En réalité, il est une autre réforme – en cours depuis trois ans – qui contribuerait à rendre plus robustes nos défenses commerciales et sur laquelle il importe d’aboutir sans délai, à savoir le règlement sur les instruments de défense commerciale, toujours bloqué par un certain nombre de pays européens réfractaires. Je sais d’ailleurs que la France défend ce dossier, tout comme l’Italie, l’Allemagne, quelques autres pays et le Parlement européen. Monsieur le secrétaire d’État, il est urgent de poursuivre ce combat et de tout faire pour convaincre nos partenaires encore réticents de la nécessité de cette réforme.

Plus généralement, dans un contexte de crises multiples et d’évolution profonde du monde, la promesse de faire de l’Europe un espace de paix et de prospérité qui a longtemps alimenté le « rêve européen » et mobilisé positivement nos concitoyens vers plus d’intégration ne semble plus faire recette. En réponse à cette panne du vieux projet européen, nous tentons, ces derniers mois, de continuer à vendre l’idée européenne autour d’un nouveau concept, celui d’une Europe qui protège.

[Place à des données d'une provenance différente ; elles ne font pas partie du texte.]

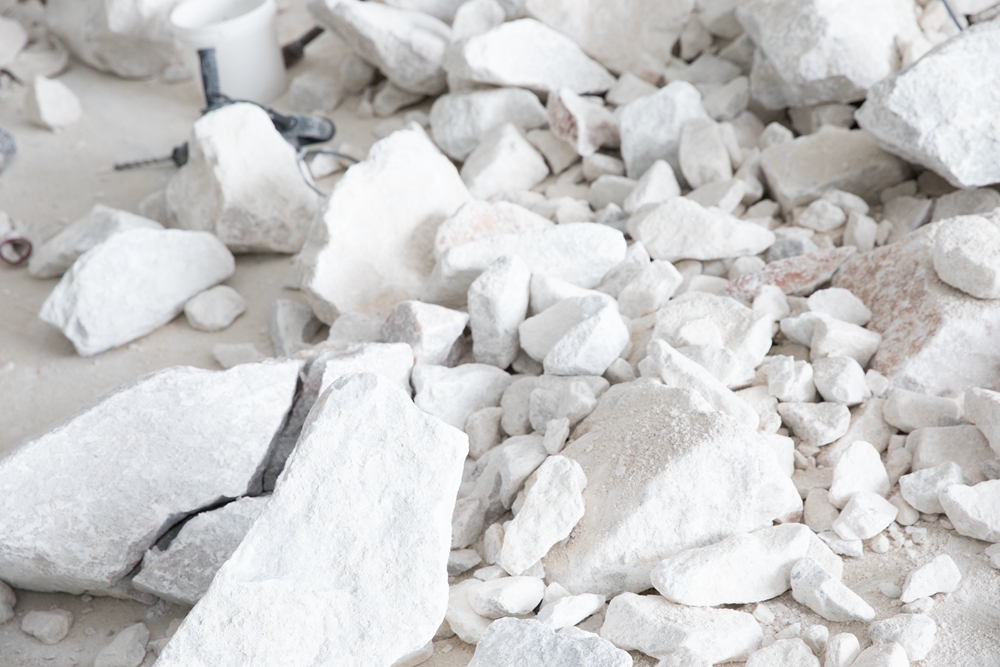 車(chē)間環(huán)境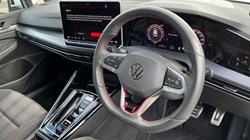 2025 (74) VOLKSWAGEN GOLF 2.0 TSI 265 GTI 5dr DSG 4502967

Par les temps qui courent, c’est un objectif tout à fait louable et compréhensible, mais il n’est guère à même de susciter l’engouement ou la passion de nos concitoyens. Comment vendre une Europe qui protège, alors que celle-ci est incapable de nous protéger contre l’agressivité économique de la Chine ? La crédibilité est faible. Dans les domaines de la défense, de la sécurité intérieure, de l’Europe sociale, de la convergence fiscale, les décisions ne peuvent être prises qu’à l’unanimité des États membres. En d’autres termes, il est pratiquement impossible d’avancer sérieusement sans une refonte et une réforme du fonctionnement européen. Oui, l’Europe doit être refondée ! Il est temps d’y penser.

Nous sommes nombreux à avoir été particulièrement dépités par les propositions formulées à l’issue du sommet de Bratislava. On nous explique, en coulisses, que, la France et l’Allemagne étant à la veille d’une année électorale majeure, il serait malvenu d’engager les prémisses d’une refondation européenne. Nous risquons fort, après 2017, de prétexter qu’il est impossible de débattre de ces questions européennes dans la mesure où elles n’auront pas été abordées lors de la campagne présidentielle.

Monsieur le secrétaire d’État, il vous reste, à vous et au Gouvernement tout entier, encore quelques mois d’activité.